Terrific Reasons to Hire a Contractor

So you want to build your own home? Perhaps you own a house already and want to modify or extend the existing space. Maybe you just want to add a swimming pool or a lock-up garage.

Many people undertake DIY construction projects without the consultation or employment of an experienced contractor. Many of these projects turn out to be successful, but can also come with various challenges.

If you want to remove the stress element, consider hiring a contractor for the following reasons.

  • Experience

Appoint a construction company that has a wealth of expertise in the industry. An experienced contractor will know exactly what is required for your project to be completed safely and within your budget and time frame.

  • Quality of Work

More often than not, experienced contractors have skilled in-house teams and external sub-contractor teams that have likely worked together on numerous projects. This provides you with peace of mind that your project will be carried out with quality workmanship.

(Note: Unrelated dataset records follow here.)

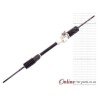 Fiat Uno 1100 1400 Manual Steering Rack 1990 - 2005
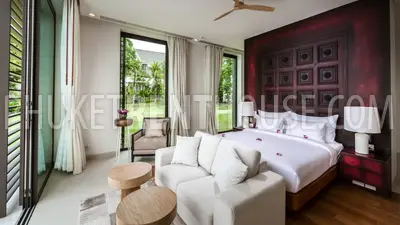 CAP19058: Amazing 7 Bedroom 5 Star Luxury Villa in Cape Yamu. Fotoğraf #23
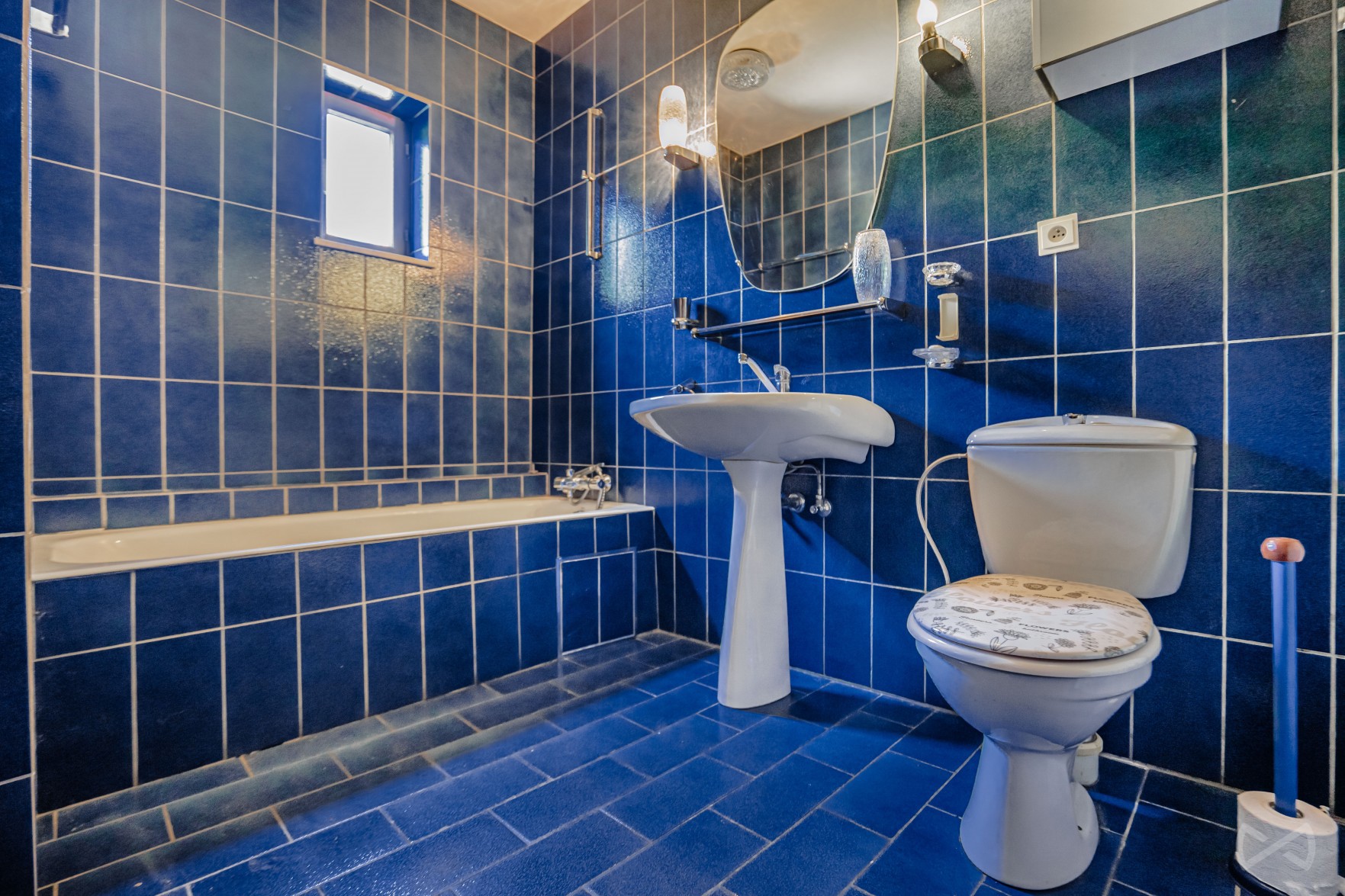 Picture 4 of 4 for House with four bedrooms in Hermeton-sur-meuse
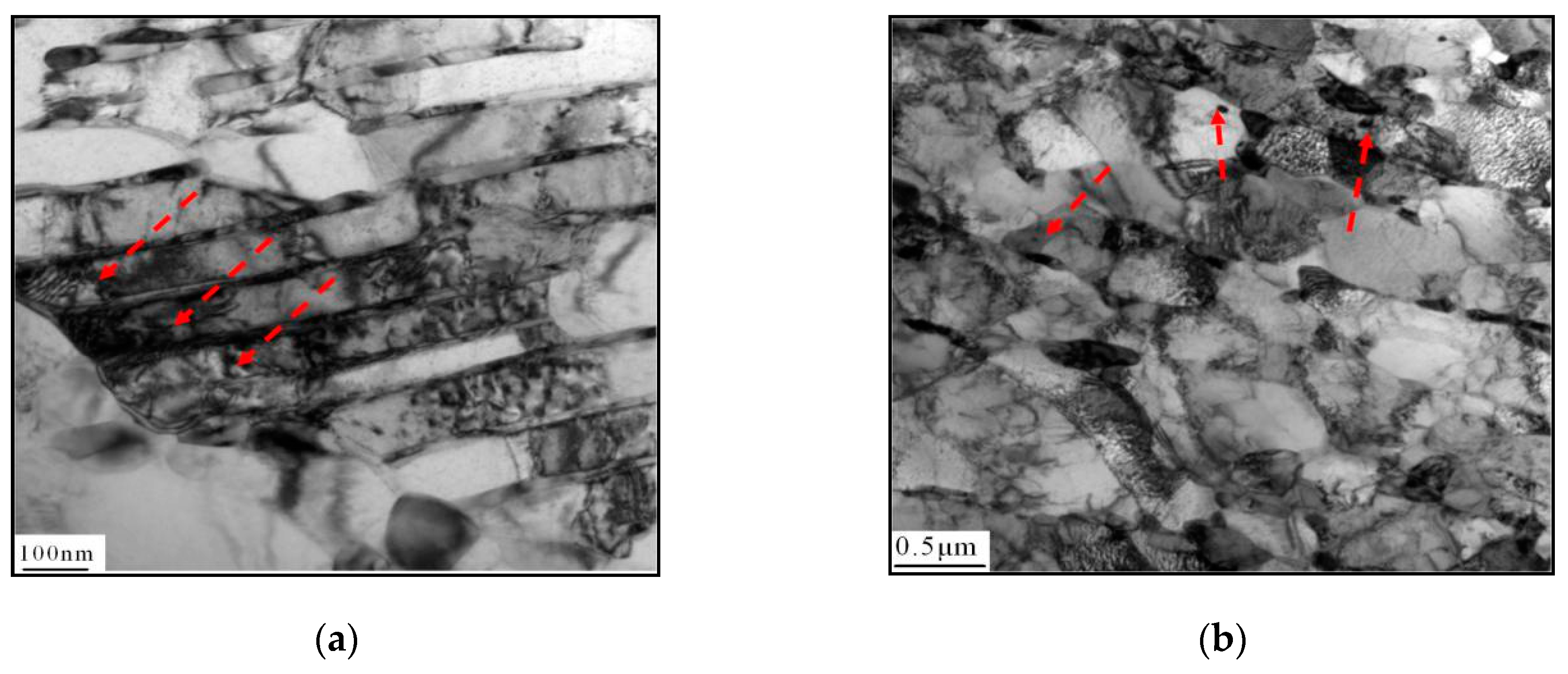 Metals 09 00077 g007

  • Compliance with the Law

It would be wise to appoint a contractor who is an expert in complying with South Africa’s National Building Regulations (NBR). Your appointed contractor should know how to carry out the works by following these guidelines.

Reputable contractors in the home building industry should be registered with the National Home Builders Registration Council (NHBRC). The NHBRC’s vision is “to be a champion of the housing consumer” and their mission is “to protect the housing consumers and to regulate the homebuilding environment.”

  • Insurance Cover

Should you ever encounter a problem with the structures in the future, your insurer will want to make sure that all legal regulations were adhered to during construction. If not, your claim/s could be rejected.

  • Warranties

Projects are undertaken by a contractor that is NHBRC certified and carry a 12-month warranty against roof leaks and a 5-year warranty against major structural defects.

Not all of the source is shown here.